What needs to be done: Below are some entries. Return exactly the lines from the one with "Furnished interior view" through the final line, leaving out any pictures.

Data shown:
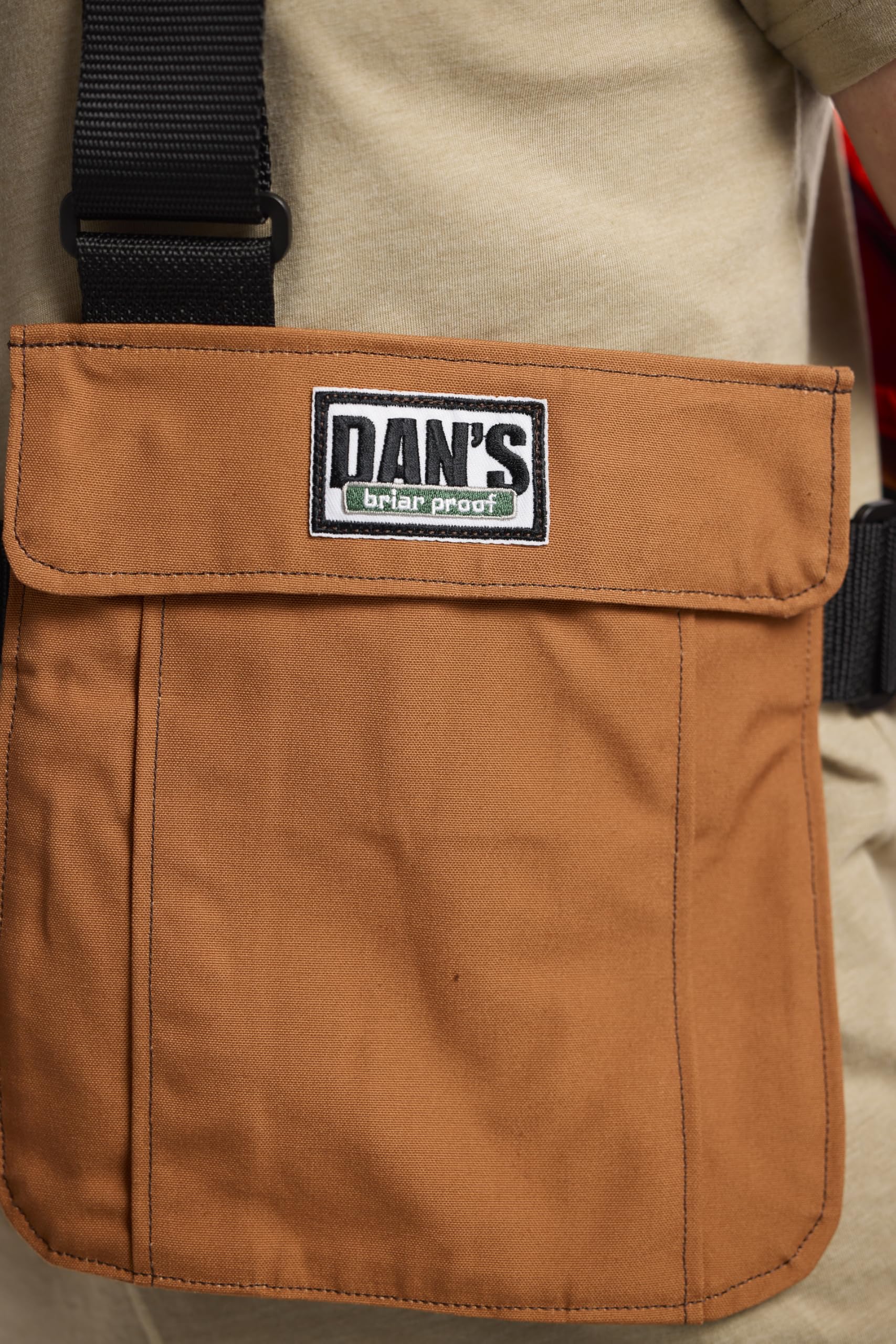DAN'S Hunting Gear Upland Strap Vest 300 sq in blaze orange area enhances safety.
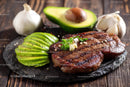 Grilled Steak with Sliced Avocado and Fresh Garlic on Rustic Wooden Board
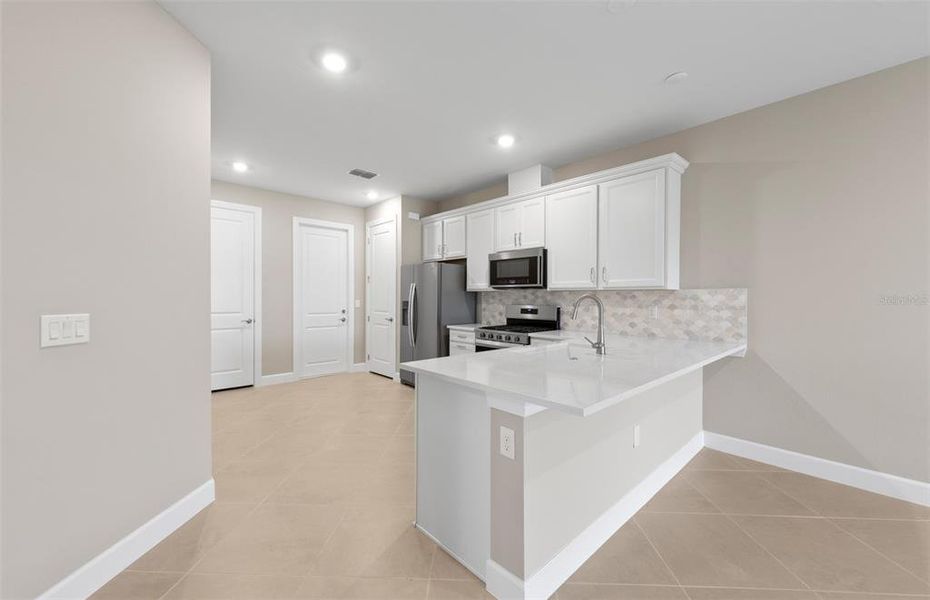 Furnished interior view inside a new home in BeachWalk by Manasota Key, Englewood (Image 9).
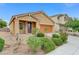 Single story home featuring a desert landscape, two car garage, and a tiled roof at 4078 Blue Manor Ln, North Las Vegas, NV 89032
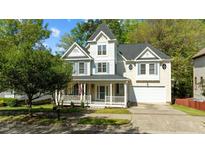Charming two-story home with a welcoming front porch and well-maintained landscaping at 1526 Town Home Dr, Apex, NC 27502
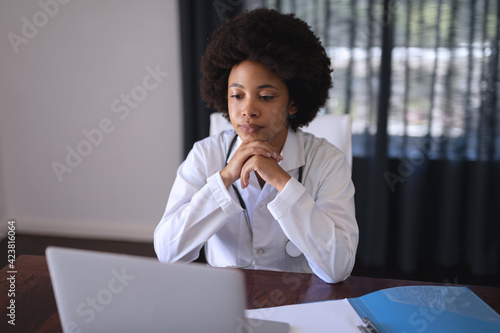 African american female doctor sitting making video call consultation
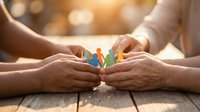 Family protection concept with hands sheltering paper cutout figures representing care, support, insurance and community unity in warm light.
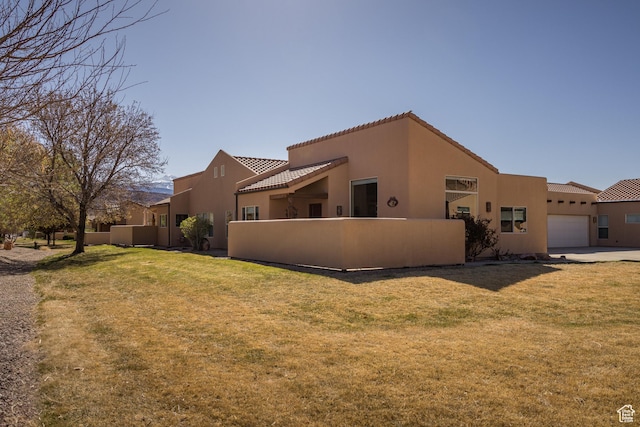 3686 S Spanish Valley Dr Unit W-4, Moab, UT 84532 - view of side of property with stucco siding, a garage, fence, and a tiled roof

Problem solution:
 Furnished interior view inside a new home in BeachWalk by Manasota Key, Englewood (Image 9).
 Single story home featuring a desert landscape, two car garage, and a tiled roof at 4078 Blue Manor Ln, North Las Vegas, NV 89032
Charming two-story home with a welcoming front porch and well-maintained landscaping at 1526 Town Home Dr, Apex, NC 27502
 African american female doctor sitting making video call consultation
 Family protection concept with hands sheltering paper cutout figures representing care, support, insurance and community unity in warm light.
 3686 S Spanish Valley Dr Unit W-4, Moab, UT 84532 - view of side of property with stucco siding, a garage, fence, and a tiled roof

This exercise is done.